> _The task_
A faithful copy of the listing below is needed, with its pictures left out.

> _Source material_
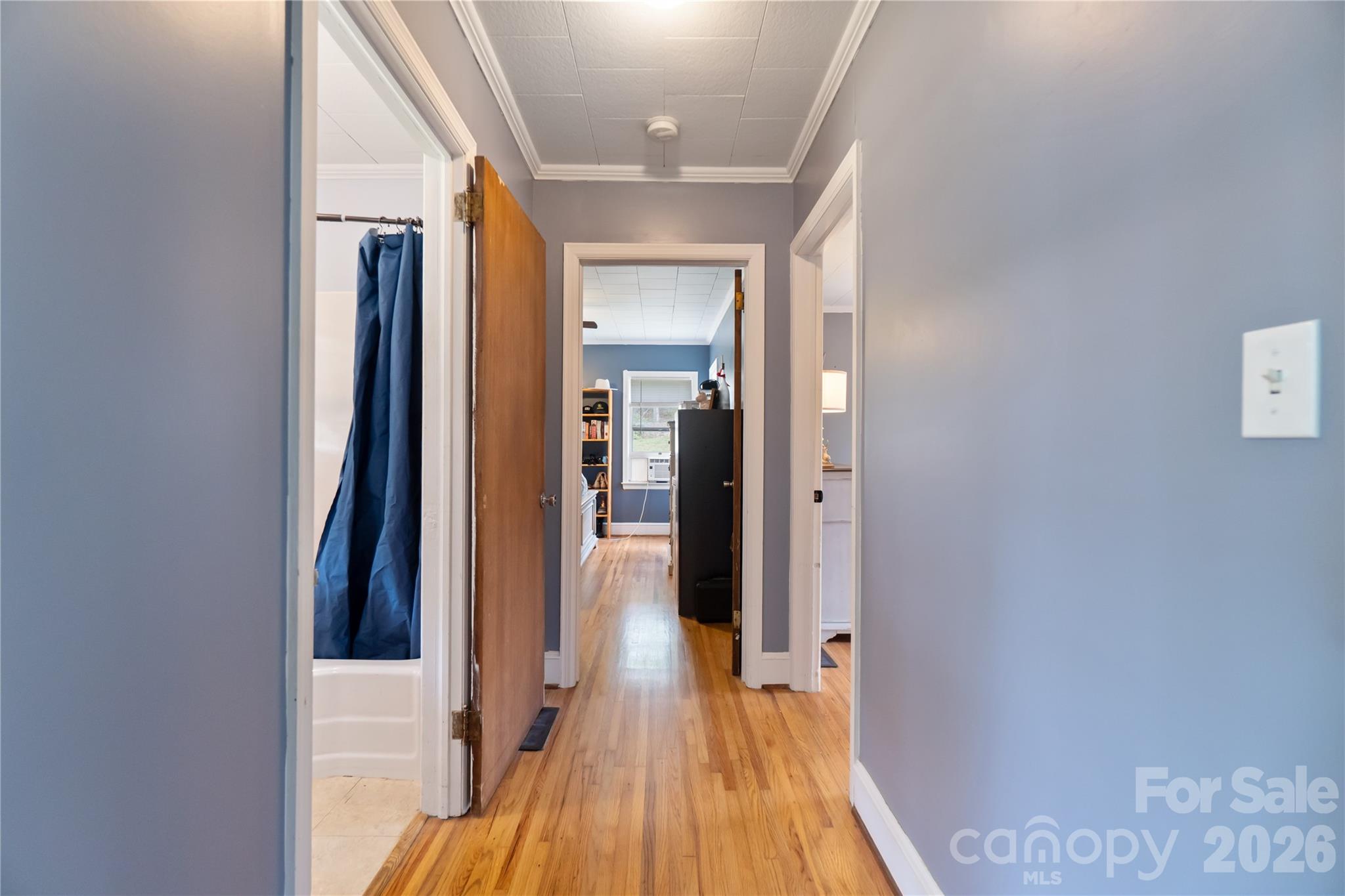 421 E Passaic Street — Peachland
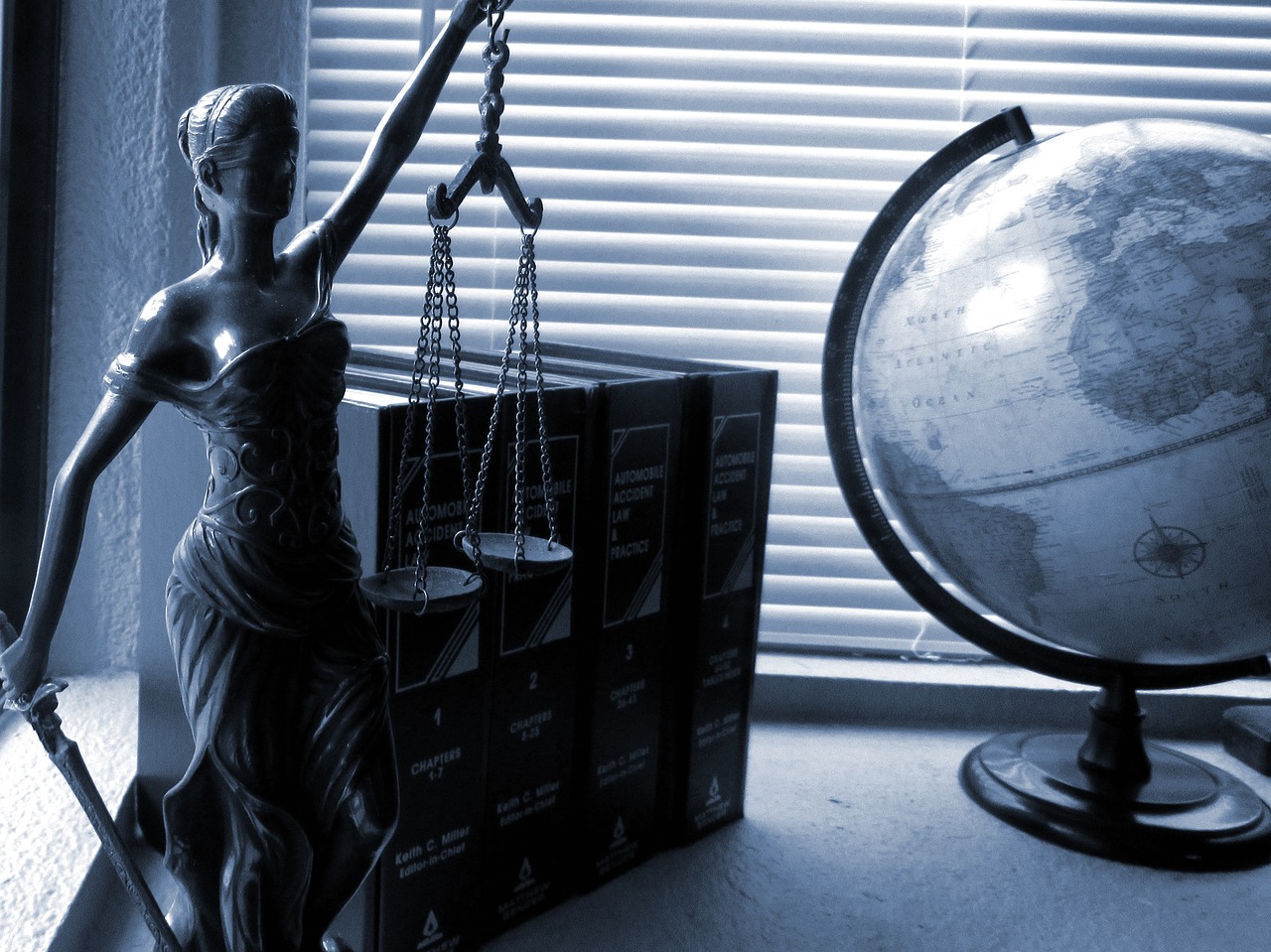lady-justice-gdacc4887d_1280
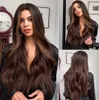 Perruques synthétiques ondulées de 24 pouces de long Ombre Brown Middle Part pour les femmes de nombreux styles à choisir parmi la personnalisation du support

> _Written answer_
 421 E Passaic Street — Peachland
lady-justice-gdacc4887d_1280
 Perruques synthétiques ondulées de 24 pouces de long Ombre Brown Middle Part pour les femmes de nombreux styles à choisir parmi la personnalisation du support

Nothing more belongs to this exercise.